Priorities fight against corruption and economic recovery

11 October, 17:31

    Tunisian President Kais Saied and prime minister-elect Najla Bouden Tunisian President Kais Saied and prime minister-elect Najla Bouden

    TUNIS - Tunisia has a new government as of Monday, 11 weeks after the dismissal of the previous one by Tunisian President Kais Saied, who took full powers on 25 July, the president's office announced.

    "The president of the Republic enacts a decree that nominates the head of government and its members," said the statement from the president's office just prior to the official TV broadcast of the swearing-in ceremony.

    The new government team announced during the ceremony by prime minister-elect Najla Bouden is made up of 24 ministers, including eight woman, and an undersecretary for foreign affairs.

    The nomination of the ministers took place by presidential decree.

    The exceptional measures do not foresee a confidence vote in Parliament, because Parliament is suspended.

    For all intents and purposes, this is the president's government.

    According to Decree 117 of 22 September, in fact, "executive power is exercised by the president of the Republic aided by a government led by a head of government".

    Among the ministers, some confirmations such as Foreign Minister Othman Jerandi and the return of 53-year-old lawyer Taoufick Charfeddine to the Interior Ministry.

    Charfeddine is one of President Saied's trusted advisors, as he coordinated the president's electoral campaign in 2019 in Sousse.

    Charfeddine was exonerated last January by then-Prime Minister Hichem Mechichi, as part of an operation that then led to a reshuffle that Saied judged unconstitutional and thus refused the appointment of the ministers proposed and approved by Parliament.

    It was Mechichi's decision to sack Charfeddine that irreparably broke the relationship between the two.

    At the head of the Justice Ministry is Najla Jaffel, with Imed Memich heading the Ministry of Defence.

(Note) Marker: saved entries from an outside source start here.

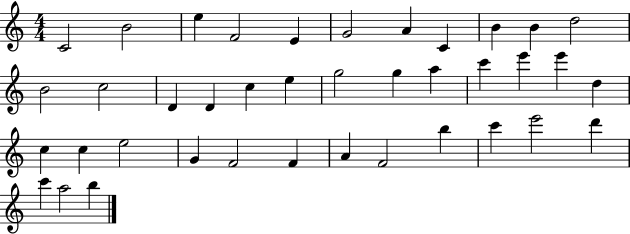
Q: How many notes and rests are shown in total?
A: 39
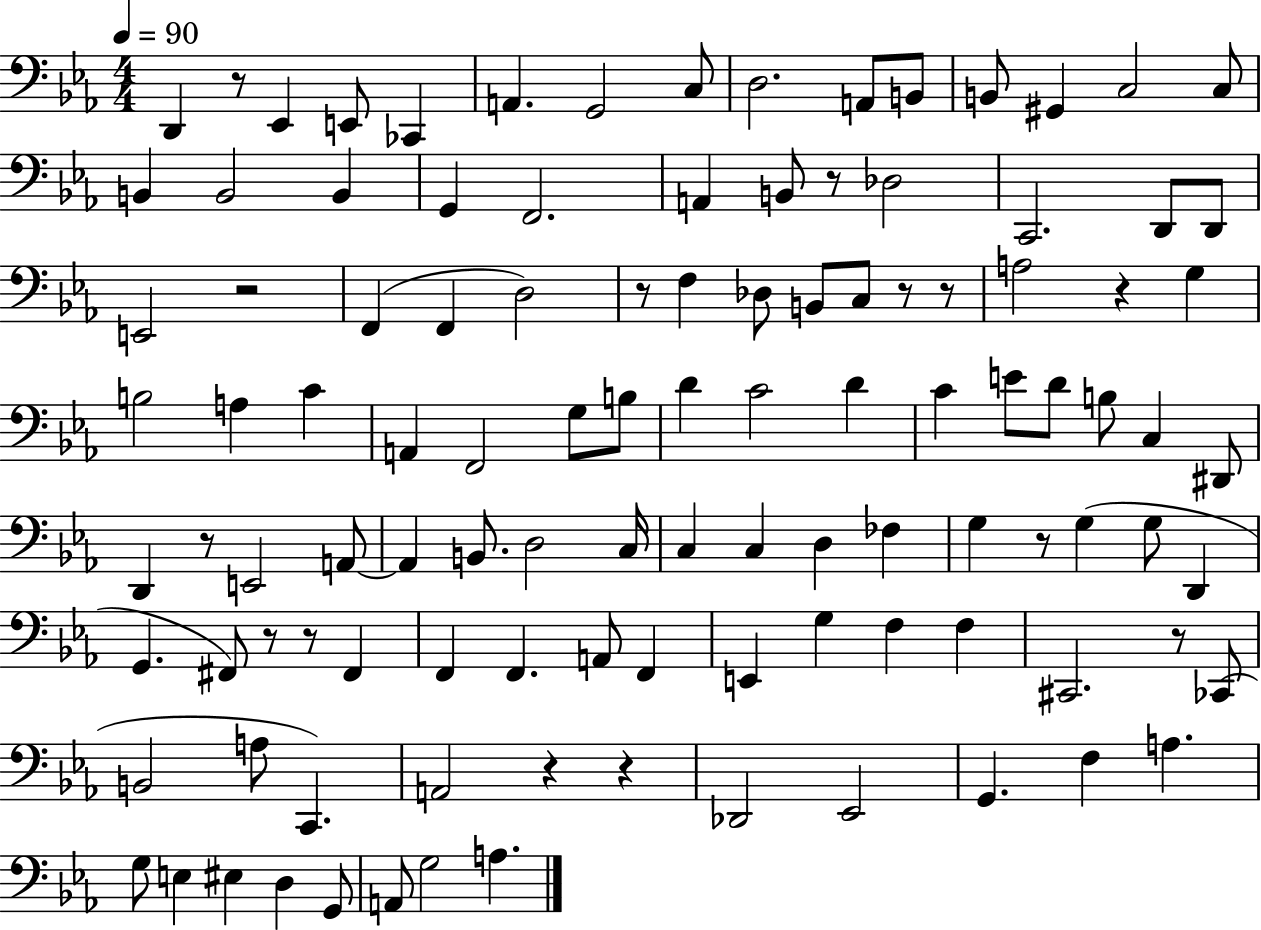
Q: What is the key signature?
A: EES major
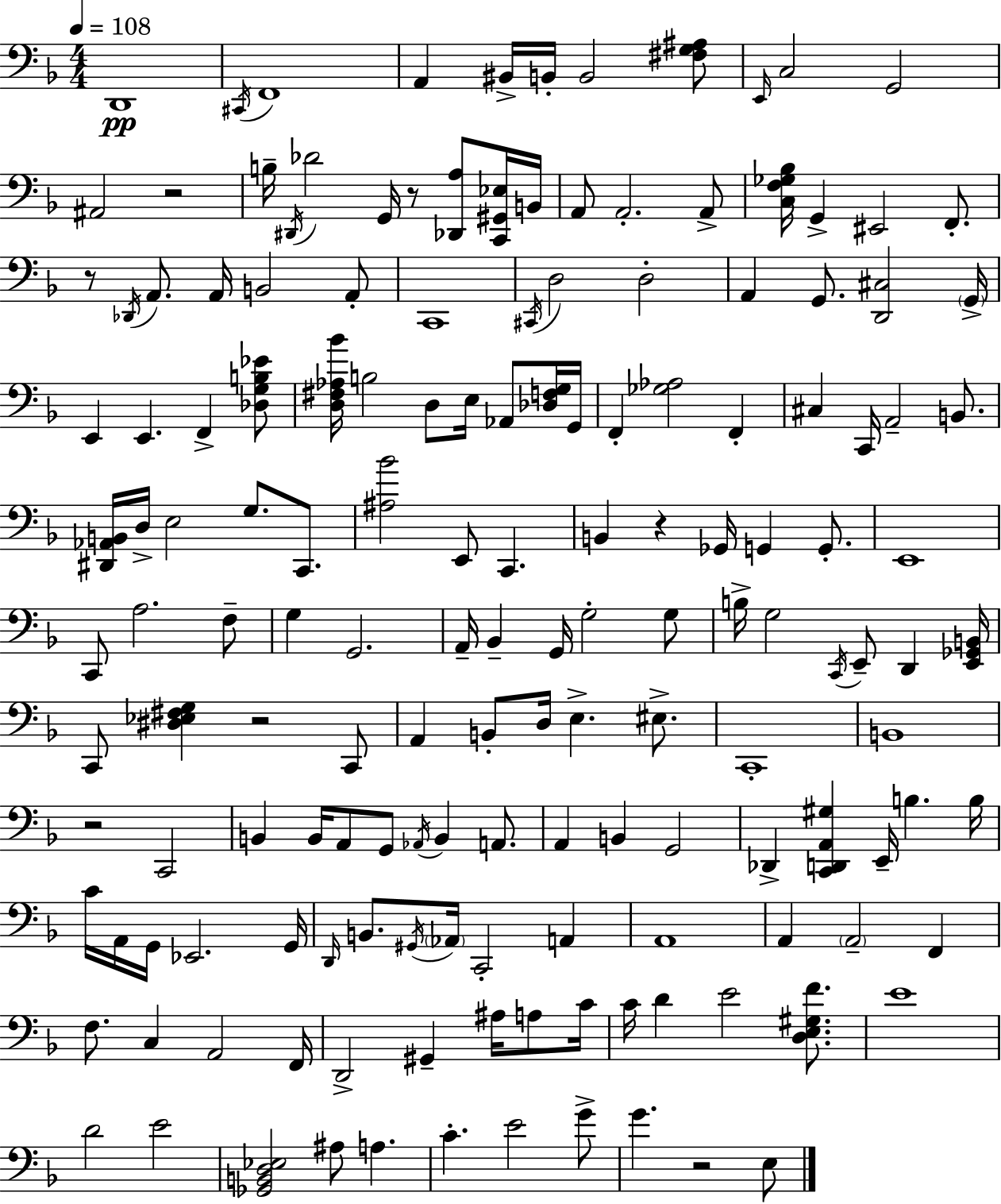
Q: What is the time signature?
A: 4/4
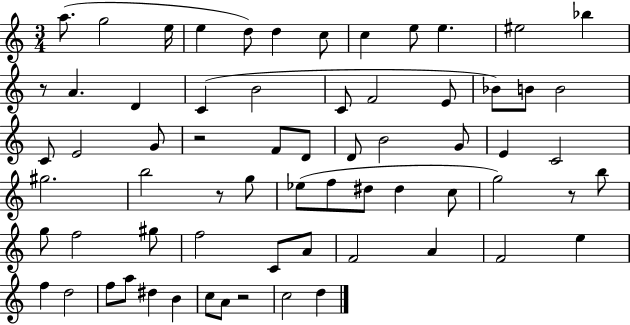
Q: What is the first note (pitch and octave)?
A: A5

    Two women - Sarah Zaafrani and Neil Nouira Ghandri - will head the Ministry of Infrastructure and Ministry of Industry, respectively.

    The absolute first priority of the Bouden government is the fight against corruption and economic recovery.

    "Fighting against corruption, which is increasingly worsening, to give back hope to Tunisians in a better future," she said.

    The new Tunisian government's objective is "giving back trust to the people".

    "We have to restore citizens' trust in the Tunisian State and foreign countries' trust in our country," she said.

    "Competence and experience will be the keys to reaching these objectives and improving the efficiency of the work of public institutions," she said, presenting her agenda, in which "great importance" will be given to economic recovery and improving citizens' living conditions and purchasing power.

    "This government will work for the good of the country and the people and will be open to all parties," Bouden said in a video from the Tunisian president's office.

    "We are going through historically difficult times, but we can do it," Saied said immediately after the swearing-in of the new Bouden government, expressing gratitude for the progress made in the fight against the Covid pandemic.

    In particular, Saied recognised that "the Tunisian prime minister has taken on a great responsibility in these circumstances".

    The nomination of the government comes nearly three months after Saied's decision on 25 July to sack Prime Minister Mechici and suspend Parliament, invoking Article 80 of the Constitution.

    On 22 September, Saied further reinforced the powers of the presidency, at the expense of the legislative and executive.